To No End

I’m glad
Perhaps the timing is right
Maybe it’s a coincidence
But I’m still glad;

Glad that it makes a difference
Even in some small way
To put things back on track
To make things right again;

I think I can smile at this
Many years on perhaps
That maybe I did change things
Hopefully for the better;

A phase maybe (I don’t know)
I can’t even be sure which is
But if you tell me it is
I’ll take your word for it;

I pushed for it
Maybe I shoudn’t have
I don’t know really
Why don’t you tell me?

On one hand they disturb me
On the other I feel quite relieved
Yet should such conflicts even exist
To trouble a mind to such depth?

The status quo is comfortable
Thus tis’ easier to ignore
For deep thinking deepens disturbance

To no end.

Scumbag Chauffeur

Twelve thirteen eighteen
Twenty sixteen twenty-six:
They say age is a number
(But in this I don’t think so?)

Eight years apart
You doubled the age gap
From five to ten
(Who’s the one without sense?)

What about them
Young school girls
Do you like
(Looking for some lost innocence there?)

You irked me once back then
Now you just grossed me out again
(Is this about me, you or who?)

Leave them alone won’t you?

The wise men say
What goes around comes around
(So you better watch out!)

My Word (Against Theirs)

My word against theirs:

Words of sincerity and talks of friendship
Schemes of defamation and speech of untruth

You took the latter and tainted the former
As though splashing dirt onto a clean sheet;

My word against theirs:

You should have chosen your friends carefully
But its really too late for remorse now

You took the latter and smeared the former
As though the friendship meant nothing at all;

My word against theirs:
You should never have chosen the other.

A Haze of Blur 

I took another puff and exhaled.
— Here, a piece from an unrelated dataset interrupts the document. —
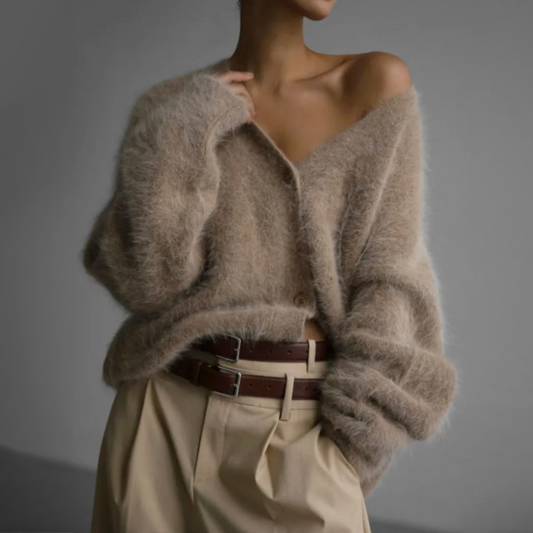 Clara - Damen kaschmir Strickjacke im Oversize-Look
The smoke makes no difference to anything, it’s all a hazy blur. So what if I cough with each inhalation? It’s as though I am silently strangled and choking in this mist of restraint and confusion anyway. 

I reach for the cup beside my bed, gave it a light swirl and downed whatever remained of it from the night before. It didn’t go down well, and caused a jerk as it slid uncomfortably through a dry and coarse throat from a puff too much of Marlboro. ‘Damn it’ I thought, as I stare into the shroud of uncertainty gathering in front of me, a sinister shade of the unknown. 

Freedom awaits outside of these gates.